Estimate your total VA disability rating using the official combined rating formula.Enter each service-connected disability, specify whether it is bilateral (affecting paired extremities), and the calculator applies the exact VA math — including the 2023 updated bilateral factor rules (88 FR 22917) — to compute your final combined rating.
The U.S. Department of Veterans Affairs (VA) uses a combined rating system to determine the overall disability percentage for veterans with multiple service-connected conditions. Unlike simple addition, VA math uses a descending efficiency formula that accounts for how each disability affects the veteran's remaining "able" body percentage. This method ensures that the total disability rating reflects the cumulative impact of all conditions.
Combined Rating Formula (38 CFR § 4.25):
C = 100 − (100 − R₁) × (100 − R₂) × … × (100 − Rn) ⁄ 100n-1
where R₁ ≥ R₂ ≥ … ≥ Rn are the individual disability ratings (sorted descending).
The VA's combined rating method is often called "VA math" because it produces a result that is less than the arithmetic sum of individual ratings.
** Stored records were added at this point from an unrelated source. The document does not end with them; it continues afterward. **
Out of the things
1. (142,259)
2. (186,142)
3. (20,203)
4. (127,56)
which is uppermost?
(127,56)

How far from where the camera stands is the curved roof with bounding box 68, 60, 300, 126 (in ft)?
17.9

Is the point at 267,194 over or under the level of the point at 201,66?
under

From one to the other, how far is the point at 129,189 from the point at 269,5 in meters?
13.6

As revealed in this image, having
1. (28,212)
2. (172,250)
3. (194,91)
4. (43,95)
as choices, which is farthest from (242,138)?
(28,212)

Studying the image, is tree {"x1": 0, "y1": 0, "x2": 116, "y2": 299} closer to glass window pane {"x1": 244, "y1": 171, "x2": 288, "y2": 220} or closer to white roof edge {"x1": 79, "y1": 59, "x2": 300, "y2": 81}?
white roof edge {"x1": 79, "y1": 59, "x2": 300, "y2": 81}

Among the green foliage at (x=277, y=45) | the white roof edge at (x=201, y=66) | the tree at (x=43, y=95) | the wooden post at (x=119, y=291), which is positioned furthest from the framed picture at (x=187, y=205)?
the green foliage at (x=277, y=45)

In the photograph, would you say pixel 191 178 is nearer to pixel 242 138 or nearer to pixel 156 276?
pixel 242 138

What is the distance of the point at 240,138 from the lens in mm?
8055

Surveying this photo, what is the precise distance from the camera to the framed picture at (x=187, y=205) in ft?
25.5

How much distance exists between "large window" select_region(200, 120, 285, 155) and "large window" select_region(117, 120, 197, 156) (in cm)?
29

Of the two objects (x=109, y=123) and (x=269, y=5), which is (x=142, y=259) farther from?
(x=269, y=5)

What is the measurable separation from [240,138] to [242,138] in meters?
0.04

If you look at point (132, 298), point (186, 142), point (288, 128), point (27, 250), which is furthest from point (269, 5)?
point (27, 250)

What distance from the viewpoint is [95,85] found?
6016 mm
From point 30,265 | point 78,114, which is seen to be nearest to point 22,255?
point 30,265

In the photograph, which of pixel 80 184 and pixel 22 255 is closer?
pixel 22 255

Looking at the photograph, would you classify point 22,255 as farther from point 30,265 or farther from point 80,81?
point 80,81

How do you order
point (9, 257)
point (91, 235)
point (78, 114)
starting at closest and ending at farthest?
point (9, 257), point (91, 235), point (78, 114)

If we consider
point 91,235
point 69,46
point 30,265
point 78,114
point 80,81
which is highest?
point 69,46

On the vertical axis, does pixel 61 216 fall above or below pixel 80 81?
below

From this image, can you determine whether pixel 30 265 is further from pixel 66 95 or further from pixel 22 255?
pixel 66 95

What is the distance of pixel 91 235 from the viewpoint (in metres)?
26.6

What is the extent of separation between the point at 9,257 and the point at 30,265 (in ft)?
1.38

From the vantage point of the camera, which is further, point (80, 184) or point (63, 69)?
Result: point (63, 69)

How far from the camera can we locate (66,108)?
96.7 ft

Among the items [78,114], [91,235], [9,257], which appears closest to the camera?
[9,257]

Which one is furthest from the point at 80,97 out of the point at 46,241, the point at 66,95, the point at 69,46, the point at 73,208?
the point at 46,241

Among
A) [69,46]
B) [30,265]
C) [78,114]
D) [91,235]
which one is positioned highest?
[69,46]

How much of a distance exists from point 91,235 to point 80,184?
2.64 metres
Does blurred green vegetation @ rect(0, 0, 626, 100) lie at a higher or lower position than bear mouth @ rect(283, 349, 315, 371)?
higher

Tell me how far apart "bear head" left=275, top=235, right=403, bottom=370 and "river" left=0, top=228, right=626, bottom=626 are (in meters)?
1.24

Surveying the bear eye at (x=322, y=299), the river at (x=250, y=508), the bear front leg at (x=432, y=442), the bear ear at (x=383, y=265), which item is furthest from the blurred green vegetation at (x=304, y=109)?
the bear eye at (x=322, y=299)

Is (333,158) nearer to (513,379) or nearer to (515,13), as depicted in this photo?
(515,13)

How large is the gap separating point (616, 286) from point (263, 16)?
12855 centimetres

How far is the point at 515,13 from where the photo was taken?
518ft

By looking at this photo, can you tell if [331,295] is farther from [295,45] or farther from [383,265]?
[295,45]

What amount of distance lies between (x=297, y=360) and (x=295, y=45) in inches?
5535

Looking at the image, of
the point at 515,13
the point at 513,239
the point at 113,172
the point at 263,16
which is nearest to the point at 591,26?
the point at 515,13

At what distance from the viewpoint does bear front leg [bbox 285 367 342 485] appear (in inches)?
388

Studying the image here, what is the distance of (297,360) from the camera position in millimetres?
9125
The process begins by sorting all disability percentages from highest to lowest. The highest rating is applied to the whole person; then each subsequent rating is applied to the remaining non-disabled percentage. This yields a "combined" value that reflects the overall efficiency loss.
For example, a veteran with a 50% rating and a 30% rating does not get 80%. Instead: 50% + 30% of the remaining 50% = 50% + 15% = 65%, which rounds to 70% (the nearest 10%). This is why two 50% ratings combine to 75% → 80%, not 100%. The formula preserves the principle that a person cannot be more than 100% disabled.
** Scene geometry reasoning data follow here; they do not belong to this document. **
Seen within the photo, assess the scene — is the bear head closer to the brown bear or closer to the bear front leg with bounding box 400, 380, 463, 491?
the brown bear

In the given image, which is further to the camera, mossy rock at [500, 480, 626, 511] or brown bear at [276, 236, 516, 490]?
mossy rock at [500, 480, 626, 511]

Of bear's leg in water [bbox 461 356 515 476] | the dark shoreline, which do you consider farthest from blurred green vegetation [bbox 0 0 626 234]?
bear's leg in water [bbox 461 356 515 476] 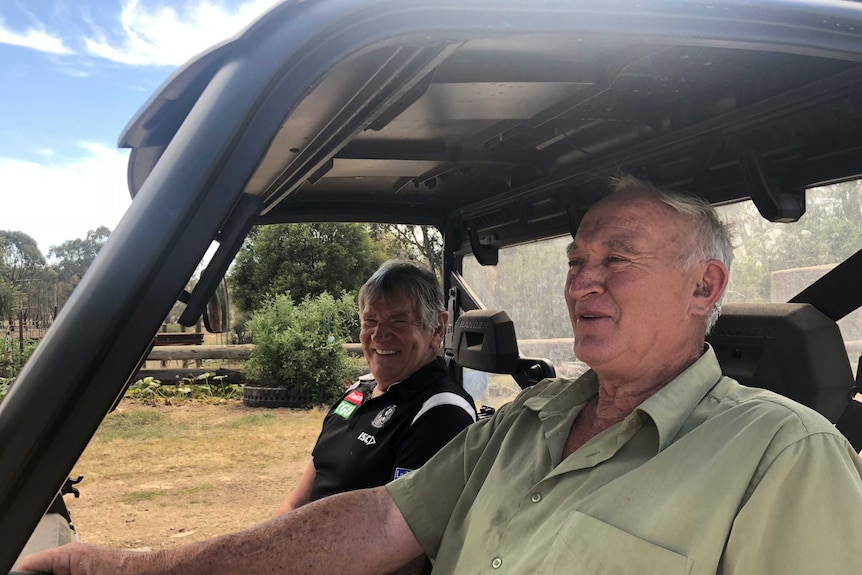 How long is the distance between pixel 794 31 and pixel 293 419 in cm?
912

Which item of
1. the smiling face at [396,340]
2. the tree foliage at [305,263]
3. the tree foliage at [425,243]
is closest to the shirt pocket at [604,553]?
the smiling face at [396,340]

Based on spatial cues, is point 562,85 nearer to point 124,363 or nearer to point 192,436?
point 124,363

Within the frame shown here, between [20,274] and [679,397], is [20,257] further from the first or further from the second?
[679,397]

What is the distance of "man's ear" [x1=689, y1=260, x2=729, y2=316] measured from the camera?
65.9 inches

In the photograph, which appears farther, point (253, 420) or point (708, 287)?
point (253, 420)

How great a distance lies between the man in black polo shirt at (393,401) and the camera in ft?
7.54

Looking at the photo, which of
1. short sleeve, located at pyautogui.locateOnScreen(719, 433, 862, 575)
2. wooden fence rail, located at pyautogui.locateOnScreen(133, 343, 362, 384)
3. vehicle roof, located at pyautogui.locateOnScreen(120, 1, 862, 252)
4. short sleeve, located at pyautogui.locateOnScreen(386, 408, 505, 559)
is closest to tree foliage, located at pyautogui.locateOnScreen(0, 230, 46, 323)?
vehicle roof, located at pyautogui.locateOnScreen(120, 1, 862, 252)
The bilateral factor is a special VA rule that applies when a veteran has service-connected disabilities affecting both arms, both legs, or paired skeletal muscles. The VA first combines the bilateral ratings, adds 10% to that combined value (multiplies by 1.1), and then combines that result with the remaining non-bilateral ratings. This recognizes the extra functional loss when paired extremities are both affected.
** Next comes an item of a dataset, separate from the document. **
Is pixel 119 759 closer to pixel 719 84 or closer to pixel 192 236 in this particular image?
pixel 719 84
In April 2023, the VA revised 38 CFR § 4.26 to add a "most favorable" rule. Previously, the bilateral factor was applied mechanically. Now, if applying the bilateral factor results in a lower combined rating than not applying it, the VA must use the higher rating. This protects veterans from being penalized by the bilateral factor in rare edge cases. This calculator implements this rule when the "2023 Rule" checkbox is enabled.
Conditions:
Step 1 – Combine bilateral ratings: 30% + 20% → 44%
Step 2 – Apply bilateral factor: 44% × 1.1 = 48.4%
Step 3 – Combine with non-bilateral: 48.4% + 10% + 10%
Step 4 – Round: 58.2% → 60%
With the 2023 rule, if the bilateral factor produced a lower rating, the VA would use the non-bilateral result. In this case, it's higher.